__Exercise__.
Please provide the entries below again, word for word.
|---|
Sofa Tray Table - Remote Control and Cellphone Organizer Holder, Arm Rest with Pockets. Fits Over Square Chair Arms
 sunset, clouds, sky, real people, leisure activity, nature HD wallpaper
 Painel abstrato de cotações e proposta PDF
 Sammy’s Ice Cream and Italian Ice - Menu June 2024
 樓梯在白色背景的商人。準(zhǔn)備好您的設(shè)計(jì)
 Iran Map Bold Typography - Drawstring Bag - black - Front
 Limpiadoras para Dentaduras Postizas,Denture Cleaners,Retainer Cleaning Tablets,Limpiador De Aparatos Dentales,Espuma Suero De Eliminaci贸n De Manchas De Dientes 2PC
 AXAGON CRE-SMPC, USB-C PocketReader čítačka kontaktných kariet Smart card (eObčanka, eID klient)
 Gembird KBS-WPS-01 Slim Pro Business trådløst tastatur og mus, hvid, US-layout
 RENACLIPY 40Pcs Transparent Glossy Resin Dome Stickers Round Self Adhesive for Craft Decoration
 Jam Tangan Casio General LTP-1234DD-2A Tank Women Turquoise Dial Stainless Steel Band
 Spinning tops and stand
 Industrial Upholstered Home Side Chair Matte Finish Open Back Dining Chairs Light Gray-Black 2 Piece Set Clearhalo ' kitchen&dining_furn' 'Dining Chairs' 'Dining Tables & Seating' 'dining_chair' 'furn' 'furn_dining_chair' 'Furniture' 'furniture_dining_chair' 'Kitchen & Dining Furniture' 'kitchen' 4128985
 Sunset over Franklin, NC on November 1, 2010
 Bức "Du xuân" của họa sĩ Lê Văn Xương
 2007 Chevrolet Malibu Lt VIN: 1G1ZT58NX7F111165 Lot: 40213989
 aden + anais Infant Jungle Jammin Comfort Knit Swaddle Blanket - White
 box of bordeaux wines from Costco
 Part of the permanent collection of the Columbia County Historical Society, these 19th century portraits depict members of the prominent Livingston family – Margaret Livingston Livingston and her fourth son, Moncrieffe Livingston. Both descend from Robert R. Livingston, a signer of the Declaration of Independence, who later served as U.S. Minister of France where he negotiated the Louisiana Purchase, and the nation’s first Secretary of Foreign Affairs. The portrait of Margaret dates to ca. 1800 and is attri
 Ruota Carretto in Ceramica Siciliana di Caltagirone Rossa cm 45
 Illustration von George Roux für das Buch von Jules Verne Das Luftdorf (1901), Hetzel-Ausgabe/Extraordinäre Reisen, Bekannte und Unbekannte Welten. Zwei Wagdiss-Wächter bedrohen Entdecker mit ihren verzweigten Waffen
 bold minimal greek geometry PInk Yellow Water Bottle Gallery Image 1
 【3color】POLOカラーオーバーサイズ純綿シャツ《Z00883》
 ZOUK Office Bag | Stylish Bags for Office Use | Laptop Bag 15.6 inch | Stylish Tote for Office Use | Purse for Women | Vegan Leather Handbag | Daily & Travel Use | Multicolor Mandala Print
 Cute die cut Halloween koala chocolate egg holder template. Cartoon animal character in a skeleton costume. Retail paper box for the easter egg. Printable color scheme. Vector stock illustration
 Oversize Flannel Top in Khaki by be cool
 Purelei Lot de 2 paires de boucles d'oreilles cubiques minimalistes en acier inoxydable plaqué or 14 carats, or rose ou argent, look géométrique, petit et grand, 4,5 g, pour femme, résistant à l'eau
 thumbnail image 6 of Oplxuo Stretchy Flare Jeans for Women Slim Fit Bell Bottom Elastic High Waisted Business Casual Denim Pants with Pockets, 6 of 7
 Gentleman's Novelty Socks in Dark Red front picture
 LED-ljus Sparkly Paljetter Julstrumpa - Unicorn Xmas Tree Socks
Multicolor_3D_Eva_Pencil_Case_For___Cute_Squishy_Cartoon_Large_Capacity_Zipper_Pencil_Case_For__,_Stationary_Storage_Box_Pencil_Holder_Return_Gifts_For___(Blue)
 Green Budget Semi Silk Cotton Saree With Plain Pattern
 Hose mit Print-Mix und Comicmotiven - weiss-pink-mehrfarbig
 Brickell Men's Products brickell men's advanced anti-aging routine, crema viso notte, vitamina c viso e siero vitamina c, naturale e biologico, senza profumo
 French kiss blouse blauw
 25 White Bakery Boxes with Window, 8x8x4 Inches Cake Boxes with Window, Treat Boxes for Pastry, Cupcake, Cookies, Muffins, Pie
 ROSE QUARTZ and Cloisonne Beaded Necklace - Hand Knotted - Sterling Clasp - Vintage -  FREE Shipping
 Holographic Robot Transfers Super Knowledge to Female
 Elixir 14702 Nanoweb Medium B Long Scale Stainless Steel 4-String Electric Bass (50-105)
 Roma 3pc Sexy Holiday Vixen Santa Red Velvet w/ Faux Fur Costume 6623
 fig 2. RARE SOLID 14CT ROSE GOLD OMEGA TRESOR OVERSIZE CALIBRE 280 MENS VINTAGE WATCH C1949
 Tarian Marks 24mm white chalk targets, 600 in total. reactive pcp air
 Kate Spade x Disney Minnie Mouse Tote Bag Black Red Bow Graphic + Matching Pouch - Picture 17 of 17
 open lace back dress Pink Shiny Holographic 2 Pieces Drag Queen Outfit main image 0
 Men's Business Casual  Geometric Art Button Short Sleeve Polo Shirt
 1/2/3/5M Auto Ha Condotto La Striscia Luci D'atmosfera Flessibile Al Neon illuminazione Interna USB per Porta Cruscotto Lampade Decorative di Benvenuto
|---|
__Task solution__.
Sofa Tray Table - Remote Control and Cellphone Organizer Holder, Arm Rest with Pockets. Fits Over Square Chair Arms
 sunset, clouds, sky, real people, leisure activity, nature HD wallpaper
 Painel abstrato de cotações e proposta PDF
 Sammy’s Ice Cream and Italian Ice - Menu June 2024
 樓梯在白色背景的商人。準(zhǔn)備好您的設(shè)計(jì)
 Iran Map Bold Typography - Drawstring Bag - black - Front
 Limpiadoras para Dentaduras Postizas,Denture Cleaners,Retainer Cleaning Tablets,Limpiador De Aparatos Dentales,Espuma Suero De Eliminaci贸n De Manchas De Dientes 2PC
 AXAGON CRE-SMPC, USB-C PocketReader čítačka kontaktných kariet Smart card (eObčanka, eID klient)
 Gembird KBS-WPS-01 Slim Pro Business trådløst tastatur og mus, hvid, US-layout
 RENACLIPY 40Pcs Transparent Glossy Resin Dome Stickers Round Self Adhesive for Craft Decoration
 Jam Tangan Casio General LTP-1234DD-2A Tank Women Turquoise Dial Stainless Steel Band
 Spinning tops and stand
 Industrial Upholstered Home Side Chair Matte Finish Open Back Dining Chairs Light Gray-Black 2 Piece Set Clearhalo ' kitchen&dining_furn' 'Dining Chairs' 'Dining Tables & Seating' 'dining_chair' 'furn' 'furn_dining_chair' 'Furniture' 'furniture_dining_chair' 'Kitchen & Dining Furniture' 'kitchen' 4128985
 Sunset over Franklin, NC on November 1, 2010
 Bức "Du xuân" của họa sĩ Lê Văn Xương
 2007 Chevrolet Malibu Lt VIN: 1G1ZT58NX7F111165 Lot: 40213989
 aden + anais Infant Jungle Jammin Comfort Knit Swaddle Blanket - White
 box of bordeaux wines from Costco
 Part of the permanent collection of the Columbia County Historical Society, these 19th century portraits depict members of the prominent Livingston family – Margaret Livingston Livingston and her fourth son, Moncrieffe Livingston. Both descend from Robert R. Livingston, a signer of the Declaration of Independence, who later served as U.S. Minister of France where he negotiated the Louisiana Purchase, and the nation’s first Secretary of Foreign Affairs. The portrait of Margaret dates to ca. 1800 and is attri
 Ruota Carretto in Ceramica Siciliana di Caltagirone Rossa cm 45
 Illustration von George Roux für das Buch von Jules Verne Das Luftdorf (1901), Hetzel-Ausgabe/Extraordinäre Reisen, Bekannte und Unbekannte Welten. Zwei Wagdiss-Wächter bedrohen Entdecker mit ihren verzweigten Waffen
 bold minimal greek geometry PInk Yellow Water Bottle Gallery Image 1
 【3color】POLOカラーオーバーサイズ純綿シャツ《Z00883》
 ZOUK Office Bag | Stylish Bags for Office Use | Laptop Bag 15.6 inch | Stylish Tote for Office Use | Purse for Women | Vegan Leather Handbag | Daily & Travel Use | Multicolor Mandala Print
 Cute die cut Halloween koala chocolate egg holder template. Cartoon animal character in a skeleton costume. Retail paper box for the easter egg. Printable color scheme. Vector stock illustration
 Oversize Flannel Top in Khaki by be cool
 Purelei Lot de 2 paires de boucles d'oreilles cubiques minimalistes en acier inoxydable plaqué or 14 carats, or rose ou argent, look géométrique, petit et grand, 4,5 g, pour femme, résistant à l'eau
 thumbnail image 6 of Oplxuo Stretchy Flare Jeans for Women Slim Fit Bell Bottom Elastic High Waisted Business Casual Denim Pants with Pockets, 6 of 7
 Gentleman's Novelty Socks in Dark Red front picture
 LED-ljus Sparkly Paljetter Julstrumpa - Unicorn Xmas Tree Socks
Multicolor_3D_Eva_Pencil_Case_For___Cute_Squishy_Cartoon_Large_Capacity_Zipper_Pencil_Case_For__,_Stationary_Storage_Box_Pencil_Holder_Return_Gifts_For___(Blue)
 Green Budget Semi Silk Cotton Saree With Plain Pattern
 Hose mit Print-Mix und Comicmotiven - weiss-pink-mehrfarbig
 Brickell Men's Products brickell men's advanced anti-aging routine, crema viso notte, vitamina c viso e siero vitamina c, naturale e biologico, senza profumo
 French kiss blouse blauw
 25 White Bakery Boxes with Window, 8x8x4 Inches Cake Boxes with Window, Treat Boxes for Pastry, Cupcake, Cookies, Muffins, Pie
 ROSE QUARTZ and Cloisonne Beaded Necklace - Hand Knotted - Sterling Clasp - Vintage -  FREE Shipping
 Holographic Robot Transfers Super Knowledge to Female
 Elixir 14702 Nanoweb Medium B Long Scale Stainless Steel 4-String Electric Bass (50-105)
 Roma 3pc Sexy Holiday Vixen Santa Red Velvet w/ Faux Fur Costume 6623
 fig 2. RARE SOLID 14CT ROSE GOLD OMEGA TRESOR OVERSIZE CALIBRE 280 MENS VINTAGE WATCH C1949
 Tarian Marks 24mm white chalk targets, 600 in total. reactive pcp air
 Kate Spade x Disney Minnie Mouse Tote Bag Black Red Bow Graphic + Matching Pouch - Picture 17 of 17
 open lace back dress Pink Shiny Holographic 2 Pieces Drag Queen Outfit main image 0
 Men's Business Casual  Geometric Art Button Short Sleeve Polo Shirt
 1/2/3/5M Auto Ha Condotto La Striscia Luci D'atmosfera Flessibile Al Neon illuminazione Interna USB per Porta Cruscotto Lampade Decorative di Benvenuto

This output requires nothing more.